Work to be completed
Span requested from the data below: the line with "Pittosporum Silver Sheen" through the line with "SailorMoon-s1-004(9).jpg", both included. Give only these lines again, exactly, and leave every picture out.

+++ Input data +++

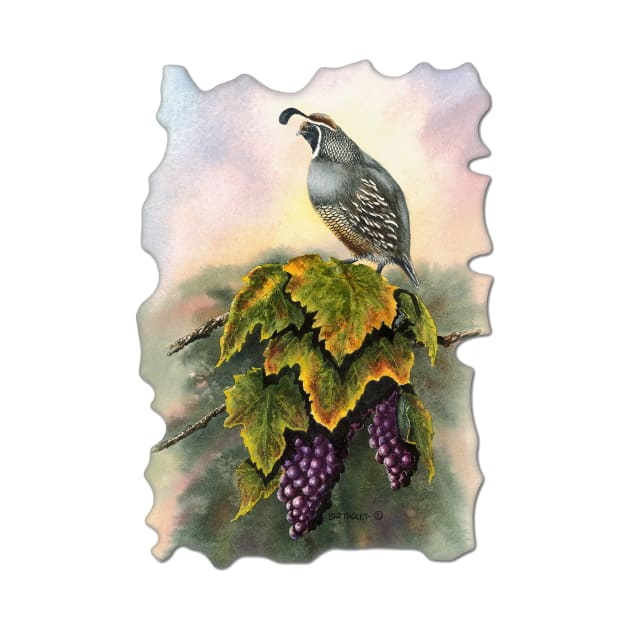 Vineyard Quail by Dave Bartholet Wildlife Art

+++
+++ Input data +++

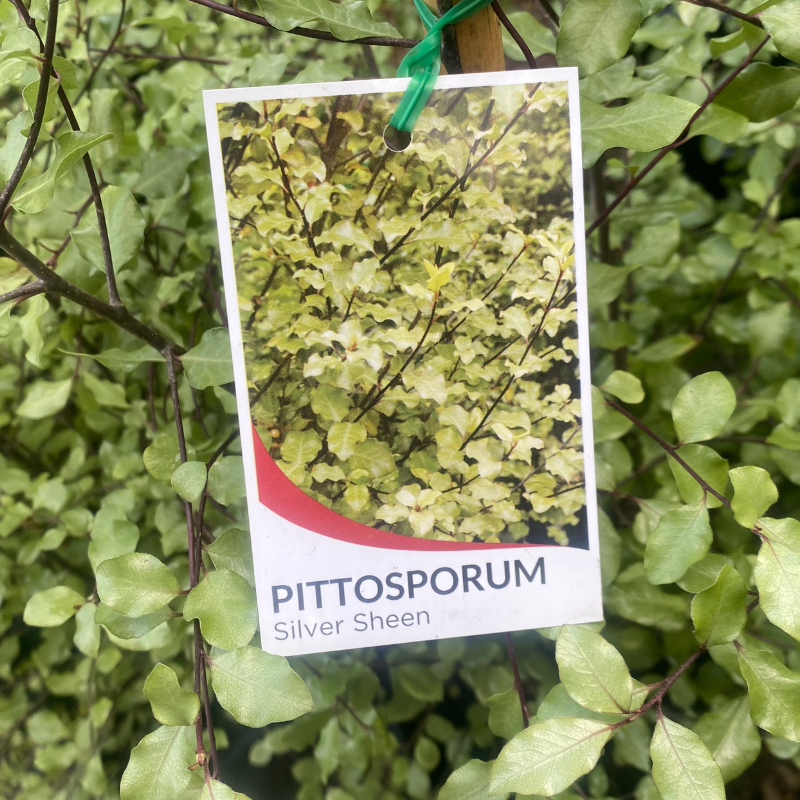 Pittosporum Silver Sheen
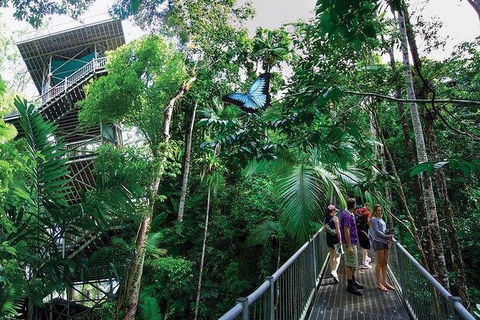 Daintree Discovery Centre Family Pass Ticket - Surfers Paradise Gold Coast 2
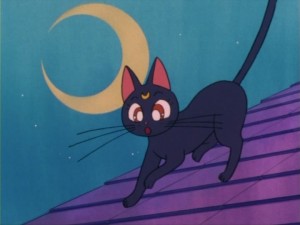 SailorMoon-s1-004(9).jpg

+++
+++ Input data +++

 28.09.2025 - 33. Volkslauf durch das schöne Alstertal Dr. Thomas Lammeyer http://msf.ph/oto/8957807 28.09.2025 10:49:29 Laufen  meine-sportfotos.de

+++

Response area
 Pittosporum Silver Sheen
 Daintree Discovery Centre Family Pass Ticket - Surfers Paradise Gold Coast 2
 SailorMoon-s1-004(9).jpg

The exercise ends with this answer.